Every line of the data should be written out exactly, with the pictures left out.
===== Supplied information =====
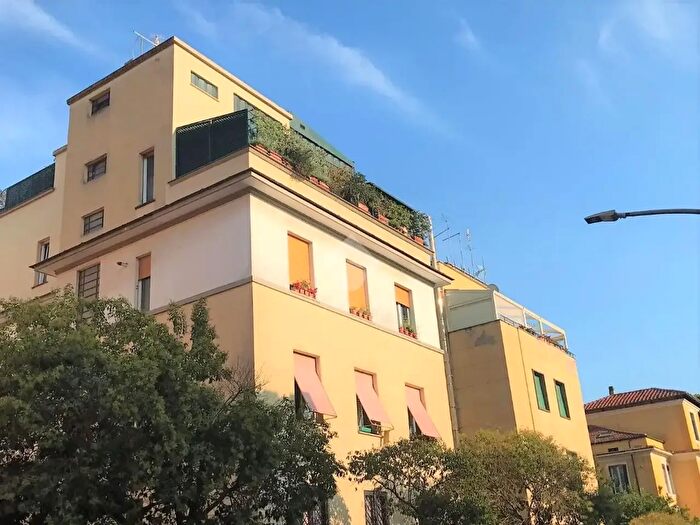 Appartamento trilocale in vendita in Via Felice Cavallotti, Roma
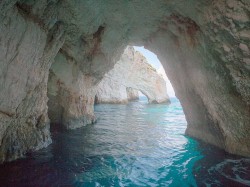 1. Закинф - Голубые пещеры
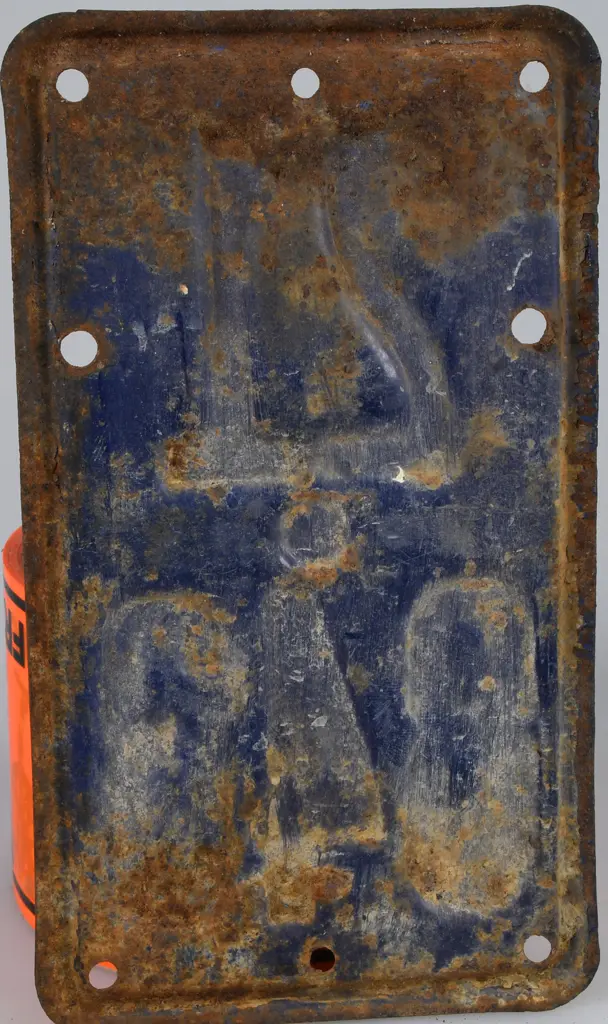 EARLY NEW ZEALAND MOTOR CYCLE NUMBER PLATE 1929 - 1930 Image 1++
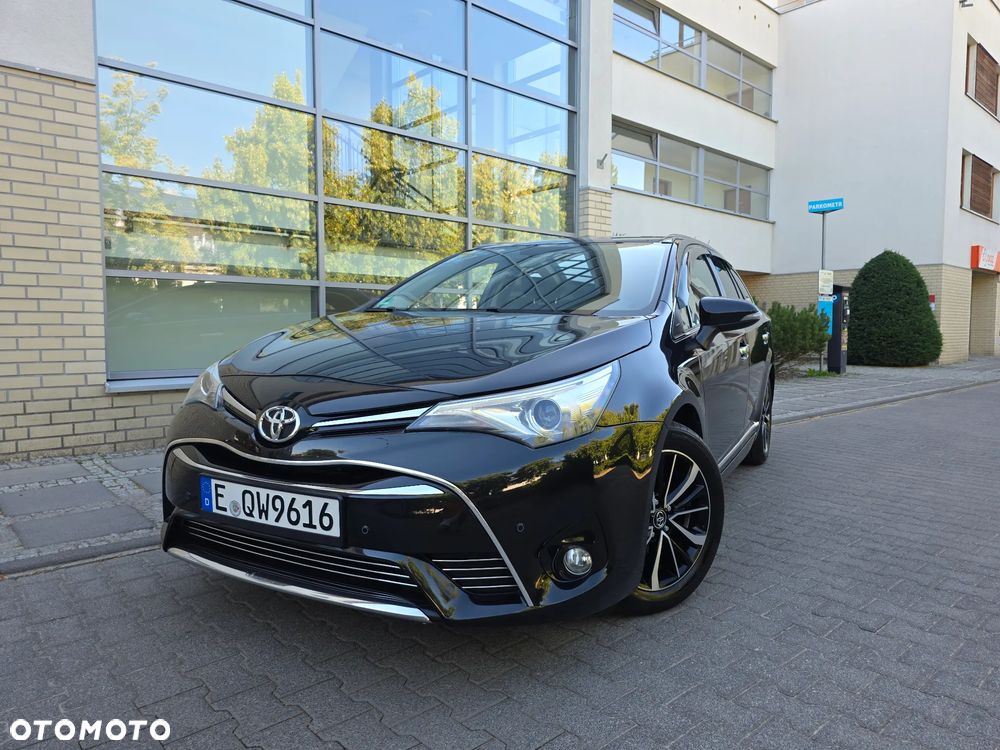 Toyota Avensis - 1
=====
# [Solution to this problem]
 Appartamento trilocale in vendita in Via Felice Cavallotti, Roma
 1. Закинф - Голубые пещеры
 EARLY NEW ZEALAND MOTOR CYCLE NUMBER PLATE 1929 - 1930 Image 1++
 Toyota Avensis - 1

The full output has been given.